Under the conditions shown in Table 5, parts as shown in FIG. 5, namely an integral exhaust manifold 1 (heat-resistant cast steel product A) having a general thickness of 2.5-3.4 mm for a straight-type four-cylinder engine with a supercharger, a turbocharger housing 2 (heat-resistant cast steel product B) having a general thickness of 2.7-4.1 mm for a straight-type four-cylinder engine, an exhaust outlet parts 3 (heat-resistant cast steel product C) having a general thickness of 2.3-2.8 mm, and a flange part 5 (heat-resistant cast steel product D) having a general thickness of 2.3-2.8 mm were produced by casting.

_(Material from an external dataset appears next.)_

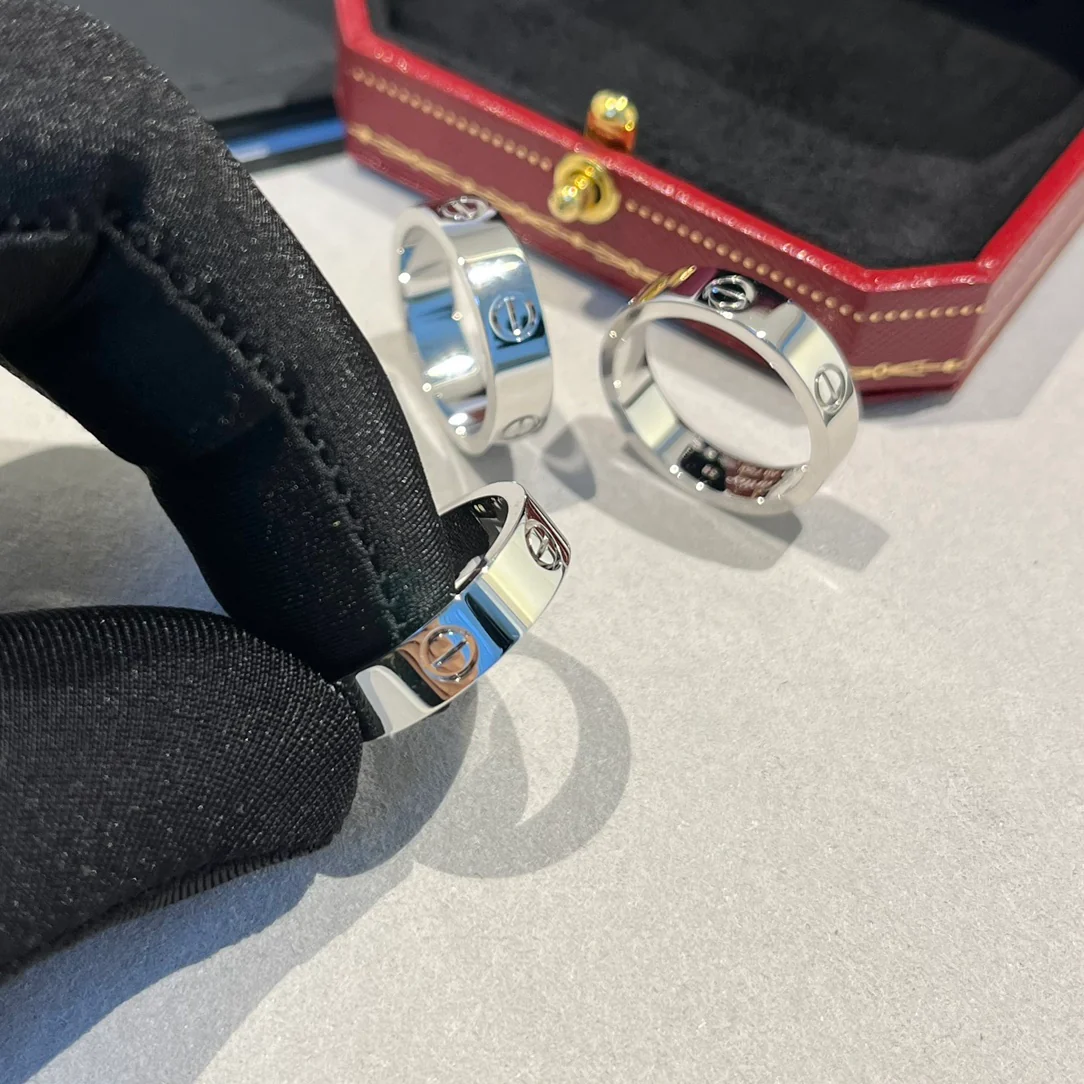 Кольцо Cartier 018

Also, as shown in FIG. 6, a pipe-gathering part (heat-resistant cast steel product E) 10 of a welded exhaust manifold 1 having a general thickness of 2.3-2.8 mm for another straight-type four-cylinder engine, and a welded flange part 5 (heat-resistant cast steel product F) having a general thickness of 2.3-2.8 mm were produced by casting.

Incidentally, in FIG. 5, other reference numerals denote the following parts:

4: Secondary catalytic converter container constituted by a rolled stainless steel sheet (SUS430),

6: Exhaust pipe,

7: Primary catalytic converter container,

8: Center housing, and

9: Oxygen sensor.

W: Portions of the secondary catalytic converter container welded to the exhaust outlet 3 and the flange part 5.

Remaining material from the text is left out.